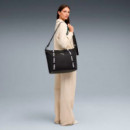 Bolso Essentials Training 19L Shopper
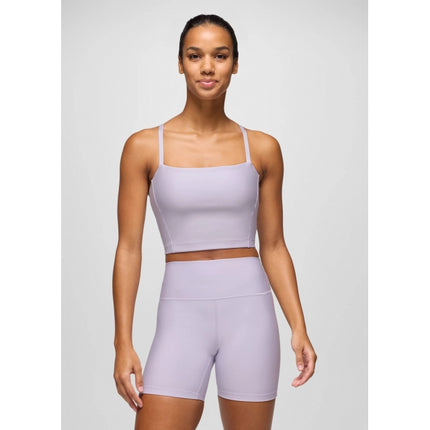 W's Sculpt Adjustable Cami
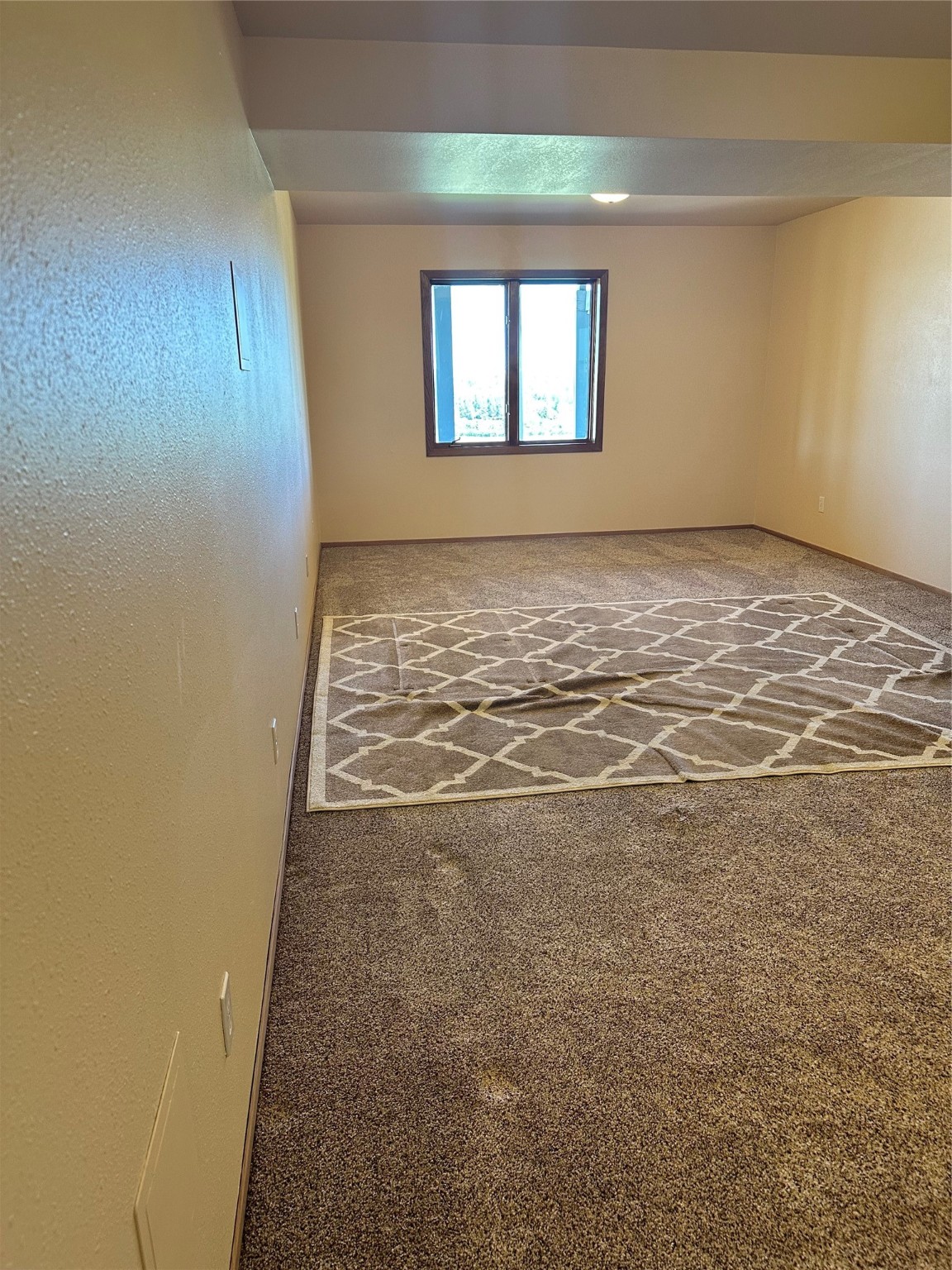9 Sweetgrass Place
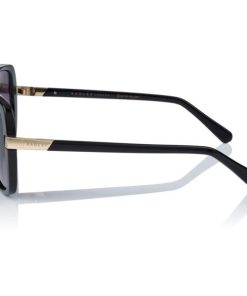 Garmentweave.shopc362c0a696 2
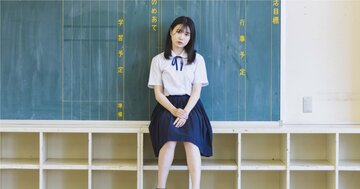 「別に高学歴に憧れもないので、地元のFラン大への進学でいいかと思っています。なにかデメリットはありますか？」。人生と受験を考える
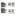 Front Rear Ceramic Brake Pads Kit For 2011 Hyundai Accent KTC-100080
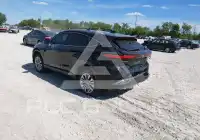 2021 Toyota VENZA photo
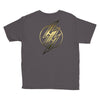 hentai haven Youth Tee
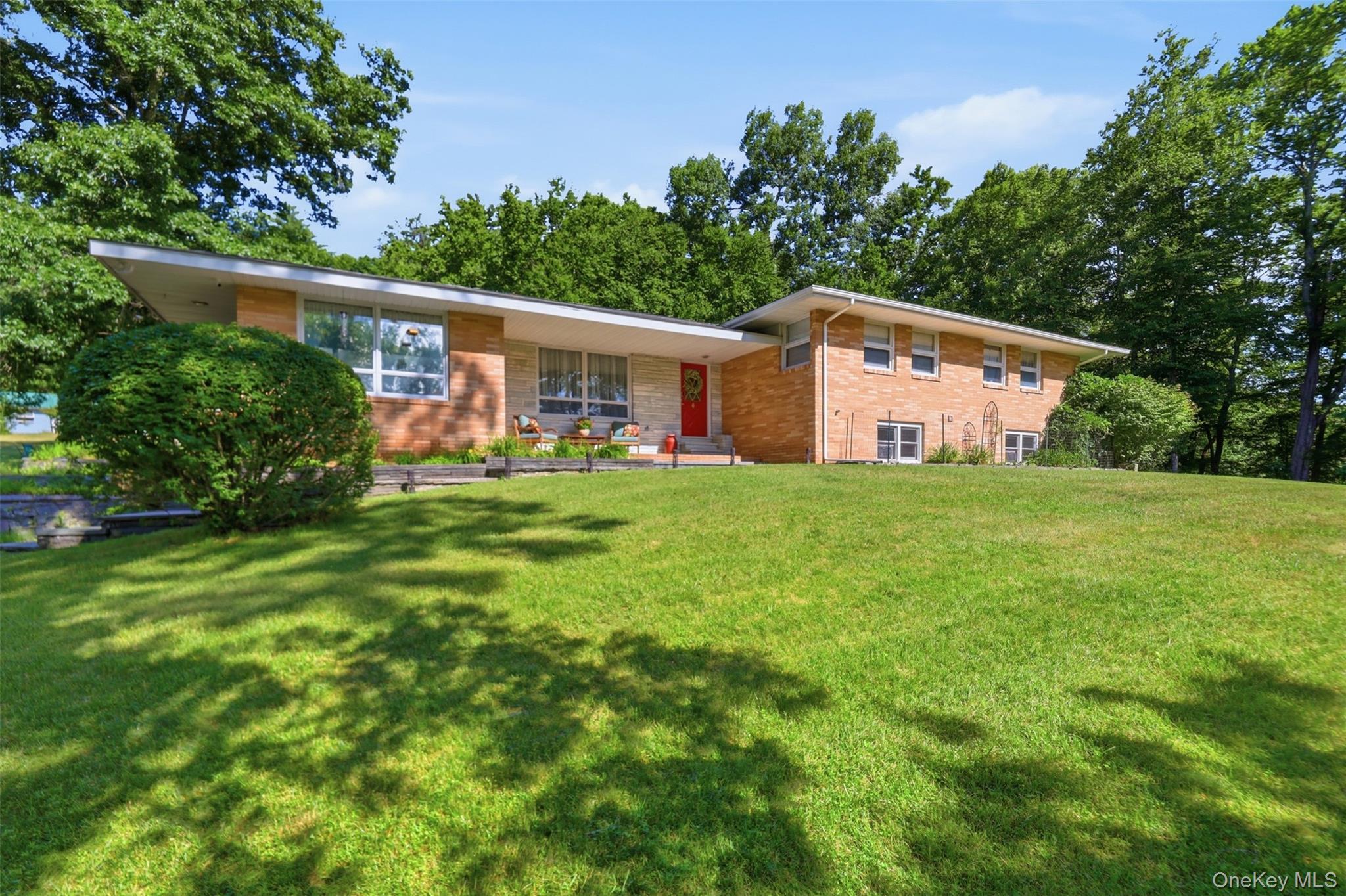 Single Family Buena Vista Point  Sullivan County, NY 12737, MLS-1020749-2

================================

» Directions for this task
With the pictures left out, copy exactly the lines from the one containing "9 Sweetgrass Place" through the final line of the records above, both included.

» Task output
9 Sweetgrass Place
 Garmentweave.shopc362c0a696 2
 「別に高学歴に憧れもないので、地元のFラン大への進学でいいかと思っています。なにかデメリットはありますか？」。人生と受験を考える
 Front Rear Ceramic Brake Pads Kit For 2011 Hyundai Accent KTC-100080
 2021 Toyota VENZA photo
 hentai haven Youth Tee
 Single Family Buena Vista Point  Sullivan County, NY 12737, MLS-1020749-2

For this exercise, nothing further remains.